阅读说明：本技术 一种循环式双调模拟热流系统 (Circulating type double-regulation simulation heat flow system ) 是由 姜春林 孙冰岩 于 2020-07-13 设计创作，主要内容包括：本发明公开一种双调模拟热流系统,包括：热流成分调节腔,具有进水口、进气口、热流循环出口和热流循环入口；进水口连接进水管路,进气口连接进气管路；换热器,包括换热体,换热体内形成有换热腔,换热腔内设置有所述换热管道,所述换热管道的进口与所述热流成分调节腔的热流循环出口连接,所述换热管道的出口及热流成分调节腔的热流循环入口均连接试验舱。用于解决现有技术中无法实现大流量、大热流条件下多模态、多工况的进气道流量捕获、压气机气动载荷、金属着火与燃烧试验等问题,实现对试验件真实工作条件的模拟。(The invention discloses a double-regulation simulation heat flow system, which comprises: a heat flow component adjustment cavity having a water inlet, an air inlet, a heat flow circulation outlet and a heat flow circulation inlet; the water inlet is connected with a water inlet pipeline, and the air inlet is connected with an air inlet pipeline; the heat exchanger comprises a heat exchange body, wherein a heat exchange cavity is formed in the heat exchange body, the heat exchange cavity is internally provided with the heat exchange pipeline, the inlet of the heat exchange pipeline is connected with the heat flow circulation outlet of the heat flow component adjusting cavity, and the outlet of the heat exchange pipeline and the heat flow circulation inlet of the heat flow component adjusting cavity are both connected with the test chamber. The device is used for solving the problems that multi-mode and multi-working-condition air inlet channel flow capture, pneumatic load of a gas compressor, metal ignition and combustion tests and the like can not be realized under the conditions of large flow and large heat flow in the prior art, and the simulation of the real working conditions of a test piece is realized.)
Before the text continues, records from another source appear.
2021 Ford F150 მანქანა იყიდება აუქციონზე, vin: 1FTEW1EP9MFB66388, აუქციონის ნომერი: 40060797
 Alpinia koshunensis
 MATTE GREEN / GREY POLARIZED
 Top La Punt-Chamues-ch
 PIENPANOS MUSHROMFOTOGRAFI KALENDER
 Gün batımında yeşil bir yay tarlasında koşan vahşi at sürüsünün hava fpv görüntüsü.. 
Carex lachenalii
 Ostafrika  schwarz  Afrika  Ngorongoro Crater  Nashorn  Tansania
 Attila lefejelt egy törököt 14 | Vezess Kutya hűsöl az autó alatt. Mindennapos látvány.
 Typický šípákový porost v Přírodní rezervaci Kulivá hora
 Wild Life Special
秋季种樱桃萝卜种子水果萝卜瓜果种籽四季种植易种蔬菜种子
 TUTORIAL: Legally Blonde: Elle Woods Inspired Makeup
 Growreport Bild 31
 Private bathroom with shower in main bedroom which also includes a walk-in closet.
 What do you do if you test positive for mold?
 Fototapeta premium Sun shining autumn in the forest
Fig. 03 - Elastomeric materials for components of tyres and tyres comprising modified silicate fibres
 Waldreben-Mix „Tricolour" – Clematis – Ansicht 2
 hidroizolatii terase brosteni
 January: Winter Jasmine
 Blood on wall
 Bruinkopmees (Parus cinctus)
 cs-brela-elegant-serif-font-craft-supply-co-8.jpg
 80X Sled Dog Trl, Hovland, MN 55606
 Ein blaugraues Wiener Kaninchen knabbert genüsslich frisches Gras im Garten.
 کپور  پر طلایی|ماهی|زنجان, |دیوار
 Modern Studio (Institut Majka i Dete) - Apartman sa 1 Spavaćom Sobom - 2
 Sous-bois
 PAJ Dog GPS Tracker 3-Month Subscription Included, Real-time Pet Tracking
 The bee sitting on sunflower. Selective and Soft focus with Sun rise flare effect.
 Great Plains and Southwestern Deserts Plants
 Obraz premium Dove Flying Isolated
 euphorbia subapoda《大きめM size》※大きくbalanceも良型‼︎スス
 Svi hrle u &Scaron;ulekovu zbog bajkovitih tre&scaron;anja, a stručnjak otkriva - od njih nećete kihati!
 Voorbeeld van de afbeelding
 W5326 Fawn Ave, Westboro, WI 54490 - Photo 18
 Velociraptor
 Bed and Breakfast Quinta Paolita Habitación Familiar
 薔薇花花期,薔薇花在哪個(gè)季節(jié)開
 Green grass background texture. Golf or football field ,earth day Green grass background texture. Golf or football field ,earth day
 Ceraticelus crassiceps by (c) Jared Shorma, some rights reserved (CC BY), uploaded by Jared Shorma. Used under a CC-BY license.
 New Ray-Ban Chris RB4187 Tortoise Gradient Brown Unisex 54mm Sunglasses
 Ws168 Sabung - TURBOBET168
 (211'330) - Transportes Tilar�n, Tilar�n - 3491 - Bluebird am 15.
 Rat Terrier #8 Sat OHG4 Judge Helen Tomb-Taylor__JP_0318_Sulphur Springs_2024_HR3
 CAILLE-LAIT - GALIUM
1. A bi-tonal simulated heat flow system, comprising:

a heat flow component adjustment cavity having a water inlet, an air inlet, a heat flow circulation outlet and a heat flow circulation inlet; the water inlet is connected with a water inlet pipeline, and the air inlet is connected with an air inlet pipeline;

the heat exchanger comprises a heat exchange body, wherein a heat exchange cavity is formed in the heat exchange body, the heat exchange cavity is internally provided with the heat exchange pipeline, the inlet of the heat exchange pipeline is connected with the heat flow circulation outlet of the heat flow component adjusting cavity, and the outlet of the heat exchange pipeline and the heat flow circulation inlet of the heat flow component adjusting cavity are both connected with the test chamber.

2. The bi-tuned simulated heat flow system of claim 1 wherein a heating circuit is connected between the heat flow circulation inlet of the heat flow component tuning chamber and the test chamber;

the heat exchange cavity of the heat exchanger is provided with an inlet and an outlet, the inlet of the heat exchange cavity is connected with a fuel gas supply pipeline, and the outlet of the heat exchange cavity is connected with a heating pipeline to heat test heat flow discharged by the test chamber and flowing to the heat flow circulation inlet.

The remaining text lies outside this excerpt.